■ Given data
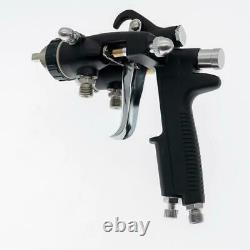 Spray Gun Double Nozzle Chrome Silver Component Coating Dual External Head Tools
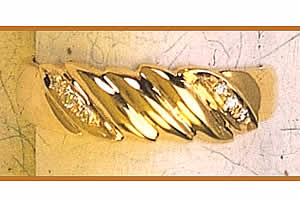 S -247 Glassy Gold Diamond rings 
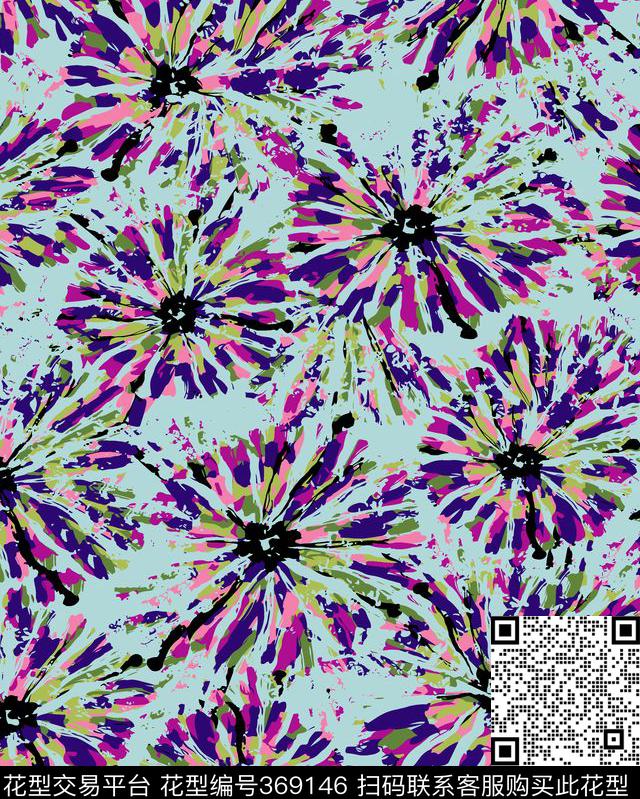 抽像碎花c7yccha传统印花华亿平台下载（图片编号: 369146） - 瓦栏（Walan）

■ Exercise requirements
A word-for-word copy of the data, without its pictures, is what is needed.

■ Solution to this task
 Spray Gun Double Nozzle Chrome Silver Component Coating Dual External Head Tools
 S -247 Glassy Gold Diamond rings 
 抽像碎花c7yccha传统印花华亿平台下载（图片编号: 369146） - 瓦栏（Walan）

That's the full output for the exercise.